In normal conversation we don't use such short phrase. They are correct grammatically but this is incomplete sentence. In both german and polish lenguages we don't recognize this by verb but other part of sentence some example now, at the moment, always. When we learn english we can't uderstand why you distinguish this by verb, for us this unnessessery complication. ex. Ich trinke Milch jeden Tag (every day) You can't translate I'm drinking milk that will be incorrect.
In German we don't really make a difference between "we eat" and "we are eating". If you want to emphasize that you are eating right now you can say "Wir essen gerade"

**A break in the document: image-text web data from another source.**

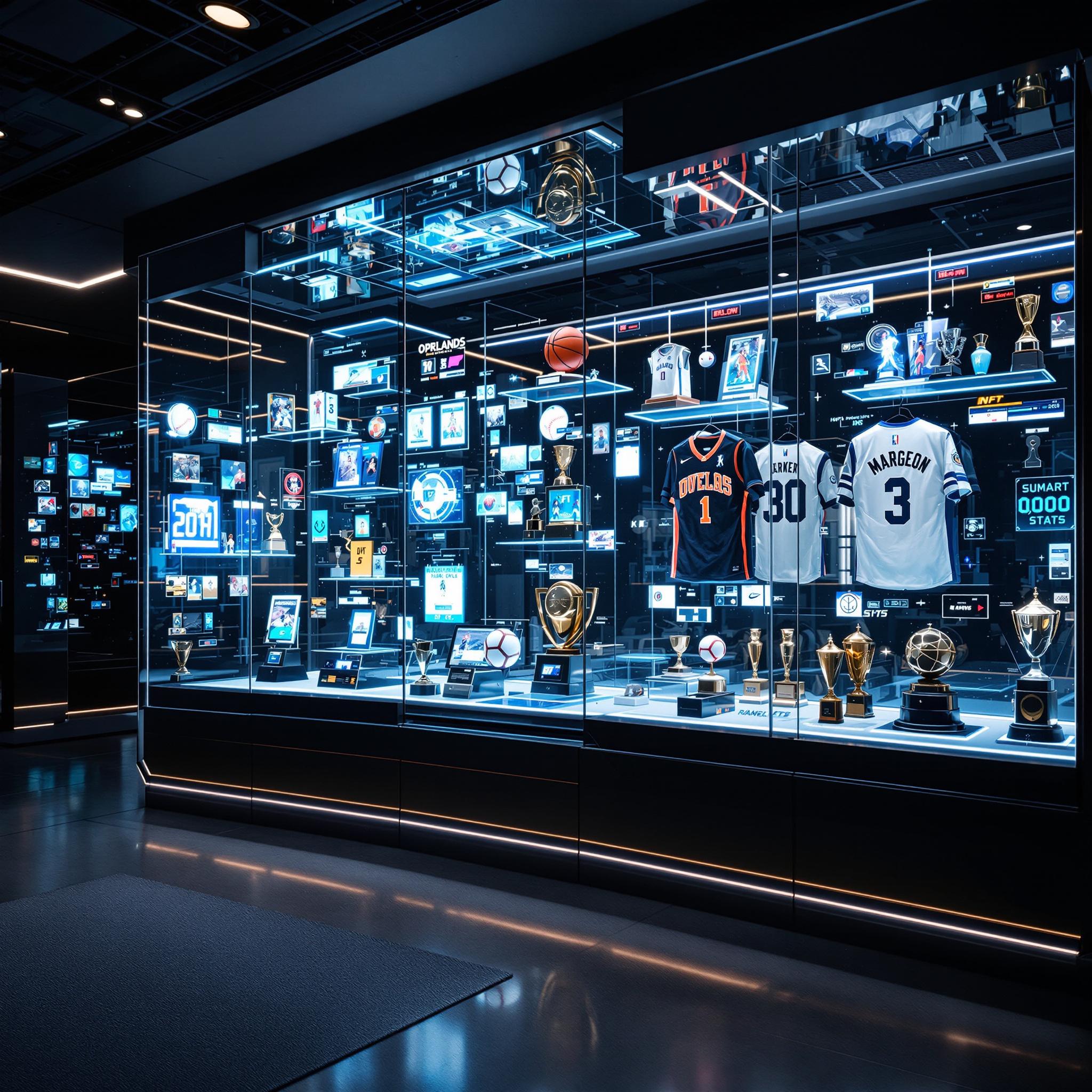 Futuristic sports room with digital trading cards, NFT trophies, smart jerseys, and classic memorabilia.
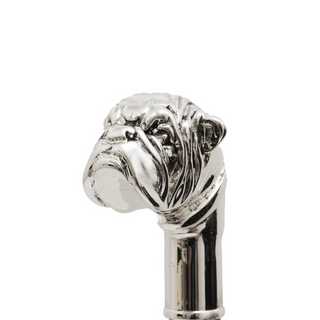 Bulldog metal handle automatic handmade Italian luxury men's umbrella close-up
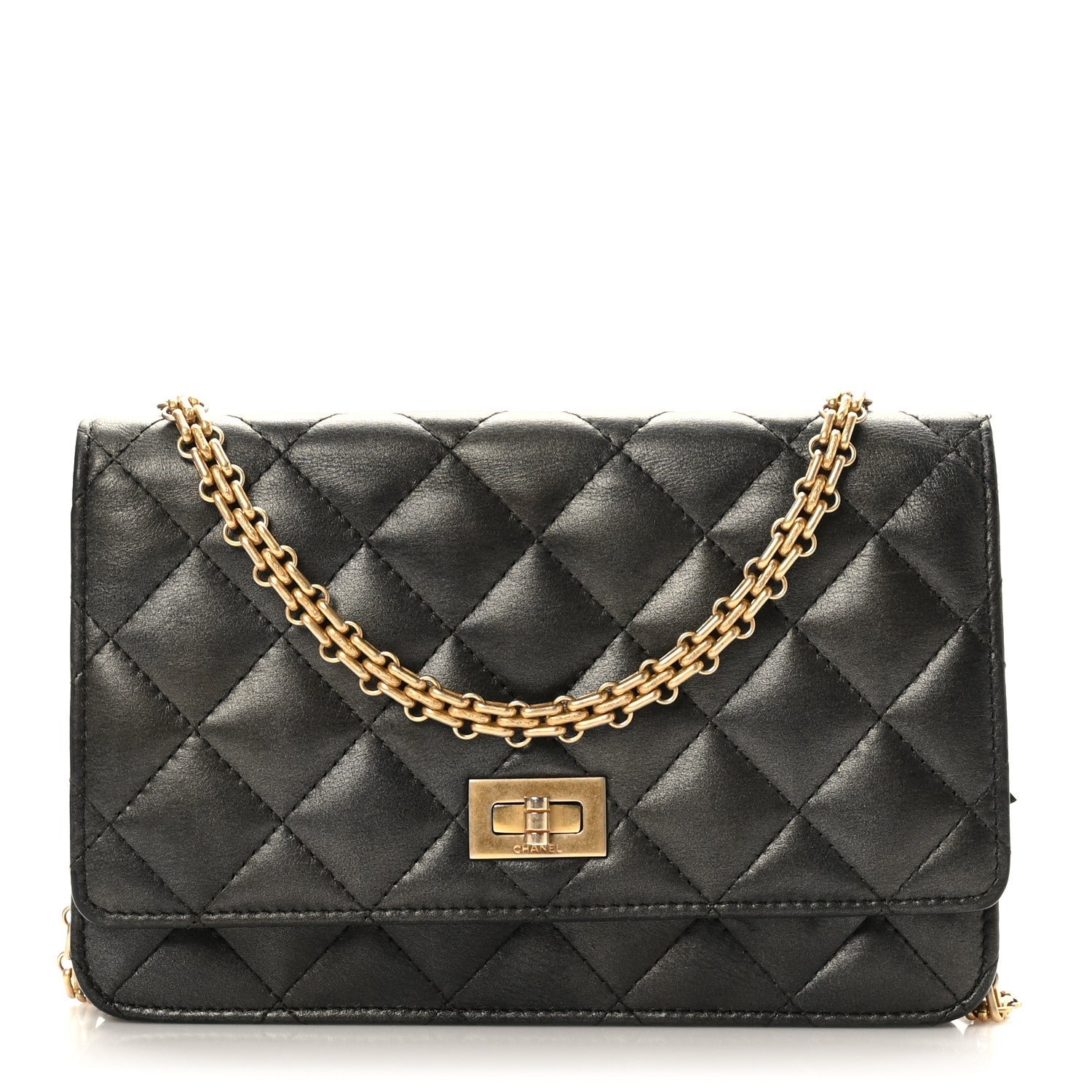 Chanel Metallic Calfskin Quilted 2.55 Reissue Wallet On Chain WOC Grey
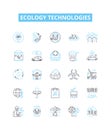 Ecology technologies vector line icons set. Ecosphere, Biosphere, Ecosystem, Conservation, Sustainable, Recycling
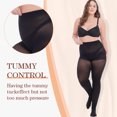 thumbnail image 3 of Manzi 2 Pairs Plus Size Opaque Tights for Women 70D Run Resistant Control Top Pantyhose, 3 of 7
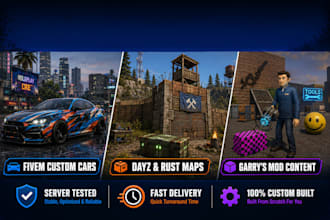 create fivem, dayz, rust, scum, and garrys mod custom cars, items, shops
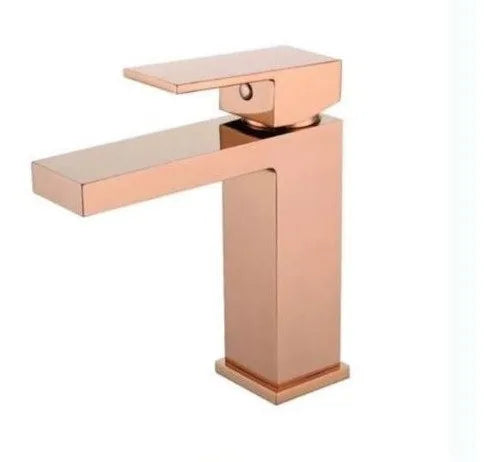 Torneira monocomando banheiro quadrada rose gold brilhante - 4344 - Conceito Metais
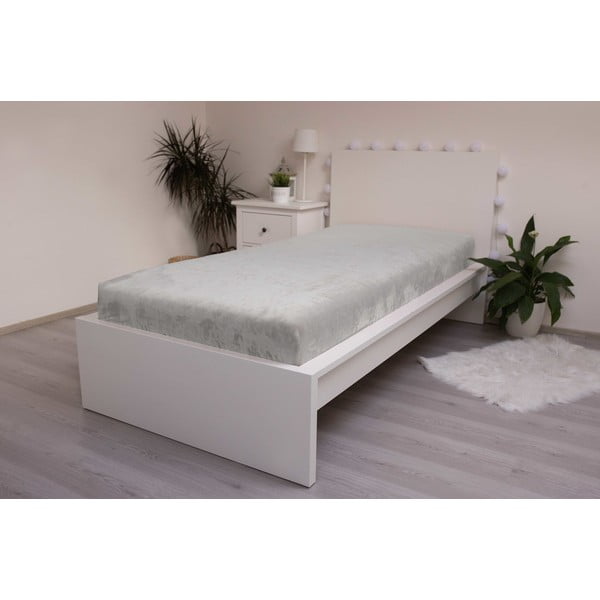 Szare prześcieradło z mikropluszu z gumką 180x200 cm – Jerry Fabrics-image-2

As fact in english exist 4(four) present tenses. But only the simple is important. Becouse only it has a verb which shows us an action. In another forms the roule of basic verb is reloaded to auxiliary verbs ( be, have, have been) . I can geve you an advise for beter understanding to learn rusian and try to translate every word not in sentence. ( sorry I have not learned english good enought yet). But I can think about things no matter wich language was used for their description.
Can this mean "we eat tomatoes on a regular basis" or "we don't have a principle against eating tomatoes"? Are there better ways of expressing these ideas? Because this simple present tense form can have many meanings in English, but I'm wondering if they are transferred to German.
I would think it is because you added a word: "the".
The sentence is "Wir essen Tomaten = we eat/are eating tomatoes". If you wanted to say "we eat the tomatoes" it would be "wir essen die Tomaten".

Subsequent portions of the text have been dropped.